In a blog post published this week, the Cupertino giant described in a fair amount of detail how its algorithms operate. The biz revealed its code is based on OverFeat, a model developed by researchers at New York University, that teaches a deep convolutional neural network (DCN) to classify, locate and detect objects in images.
It works by using a binary classifier to detect whether or not a face is present somewhere in an image, and a bounding box regression network to perform the actual job of locating the faces in the snap so they can be, for example, tagged by apps.
The pictures are run through a feature extractor to break down the images into shapes and portions, and these are passed to the binary classifier and the regressor to process.
To train the classifier, the software was shown a big bunch of photos of stuff you'd normally see in the background of photos, with no sign of any faces, described as a negative class, and an assortment of human faces, described as a positive class. The task being to teach the software to confidently confirm whether or not a photo contains at least one person's face or not.
Meanwhile, the regressor was taught how to mark out faces on the photo with bounding boxes. The software is capable of picking out multiple faces in a given shot.
Deep-learning algorithms can be computationally intensive even for today's relatively powerful mobile processors and coprocessors. The DCNs in Apple's system have several components, some with more than 20 neural-network layers, and it’s not easy shoving all that expertise into a battery-powered iThing.
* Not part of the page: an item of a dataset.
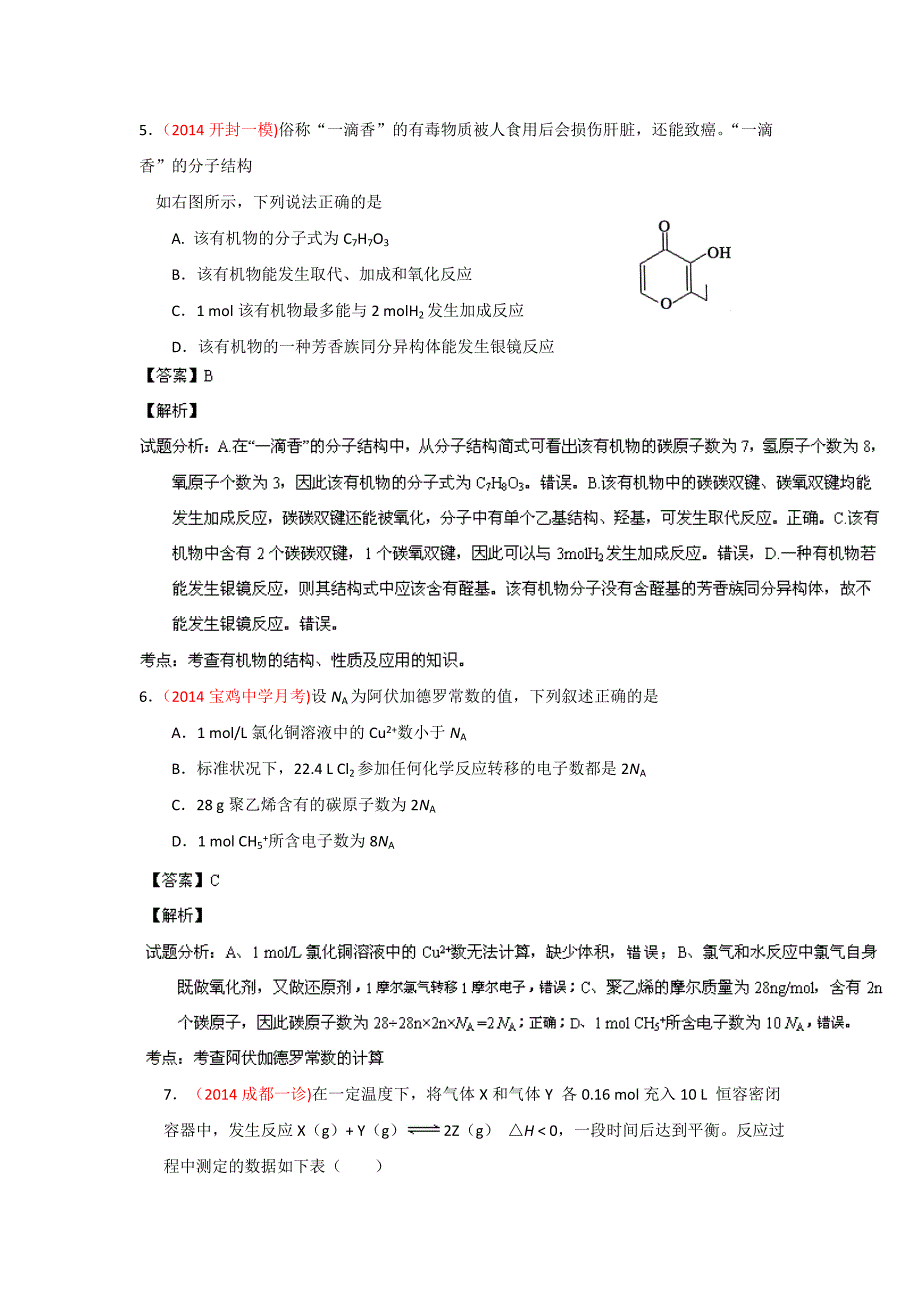 高考备考最新各地化学模拟试题重组测试03(解析版)Word版含解析_第3页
Thus, Apple turned to a teacher-student training technique to reduce the resources needed to run face detection on handsets and fondleslabs. Essentially, a teacher model is developed and trained on beefier computers, and then smaller student models are trained to produce the same outputs as the teacher for a given set of inputs.
The smaller student models can be optimized for speed and memory, and crammed into iOS handhelds. As a result, it takes less than a millisecond to run through each layer, we're told, allowing faces to be detected in the blink of an eye.
“Combined, all these strategies ensure that our users can enjoy local, low-latency, private deep learning inference without being aware that their phone is running neural networks at several hundreds of gigaflops per second,” Apple boasted.
The iGiant's weapons-grade secretiveness hampers its efforts to recruit machine-learning experts, who usually prefer the open nature of academia. This week's blog post is an attempt to open up a bit more and lure fresh talent.
Overall, the document offers a gentle explanation of how Apple’s face detection software works. It is light on the nitty gritty details of the DCNs compared to the academic papers the blog post references. Application programmers can access the face-detection system on iThings via the Vision API. ?
Editor's note: This story was corrected after publication to make clear the documented technology is Apple's face detection API, and not the Face ID security mechanism as first reported. Face ID is a separate technology that uses infrared sensors in the iPhone X to identify and authenticate device owners. We are happy to clarify this distinction.